Appellant betoogt dat de RDW dat verzoek ten onrechte heeft afgewezen. Volgens [appellant] was de RDW gehouden de onjuiste kentekenregistraties ongedaan te maken. De RDW was ervan op de hoogte dat kentekenregistraties in verband met identiteitsfraude ten onrechte op zijn naam zijn gesteld. Hij acht de onrechtmatige registraties verstrekkend en een grove inbreuk op zijn rechten, die onder meer in art. 8 EVRM bescherming vinden. Hierbij verwijst appellant naar het arrest van het Europese Hof voor de rechten van de mens (het EHRM) van 14-2- 2012 in de zaak Romet tegen Nederland, zaak nr. 7094/06, LJN: BW2721.
De RDW heeft zich op het standpunt gesteld dat geen verzoek op grond van art. 37 van het Kr, gelezen in samenhang met art. 58, lid 1 van de Wvw 1994 kan worden gedaan. De wetgever heeft niet in een dergelijke verzoekprocedure voorzien. De correctie die appellant wenst, moet worden verkregen via de verzoekprocedure in art. 40, lid 2 van het Kr. Ter zitting heeft de RDW zijn standpunt nader toegelicht. De RDW stelt dat hij bevoegd is tot ongeldigverklaring van kentekenbewijzen en dat op ieder verzoek dat binnen zijn bevoegdheid valt een besluit kan worden genomen. Volgens de RDW heeft ongeldigverklaring van de kentekenbewijzen voor [appellant] echter ten opzichte van de procedure tot verval van de tenaamstelling in het kentekenregister geen toegevoegde waarde.
De RDW acht in dit geval de door de wetgever voorgeschreven wijze afdoende. Als een verzoek op grond van art. 40, lid 2 van het Kr wordt toegewezen, raakt het kentekenbewijs dat overblijft de tenaamgestelde namelijk niet langer. Appellant heeft geen belang bij de ongeldigverklaring van de kentekenbewijzen, aldus de RDW. De RDW heeft voorts toegelicht dat het alleen overgaat tot ongeldigverklaring van kentekenbewijzen als duidelijk is dat de bedoelde voertuigen teniet zijn gegaan. Daarvan is hier volgens de RDW niet gebleken. Bovendien wordt conform het door de RDW gevoerde beleid aan de vervallenverklaring van de tenaamstelling noch aan de ongeldigverklaring van een kentekenbewijs van een voertuig terugwerkende kracht verleend, behoudens bij hoge uitzondering.

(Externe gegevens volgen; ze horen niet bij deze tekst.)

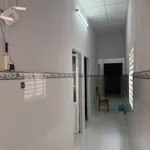 Bán nhà cấp 4, 3PN 114m², Bà Rịa 1 tỷ 900 - Ảnh thu nhỏ 5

Aappellant wenst met terugwerkende kracht beëindiging van de identiteitsfraude en de daaruit voor hem voortgevloeide gevolgen te bereiken. In zijn verzoek van 3 februari 2011 heeft hij gesteld dat hij wordt benadeeld doordat autos ten onrechte op zijn naam zijn gesteld met behulp van zijn vermiste rijbewijs. Naar het oordeel van de Afdeling heeft appellant hiermee reeds feitelijk de schending van zijn privéleven als bedoeld in art. 8 EVRM geformuleerd. In deze brief verzoekt hij de RDW ten slotte om de benadeling ongedaan te maken.
De Afdeling is van oordeel dat uit het Romet-arrest volgt dat appellant's recht op privéleven in geding is. Hoewel het EHRM in dat arrest spreekt van een "interference with the applicant's right to respect for his 'private life'" (§ 37), was hier veeleer de vraag aan de orde of jegens klager sprake is van schending van een positieve verplichting welke uit art. 8 EVRM voortvloeit. Daarvoor is ook steun te vinden in de passage in het arrest dat "swift administrative action to deprive a driving license of its usefulness as an identity document was possible and practicable. The Government have not satisfied the Court that such action could not have been taken immediately after the applicant reported that he had lost possession and control of the document" (§ 43).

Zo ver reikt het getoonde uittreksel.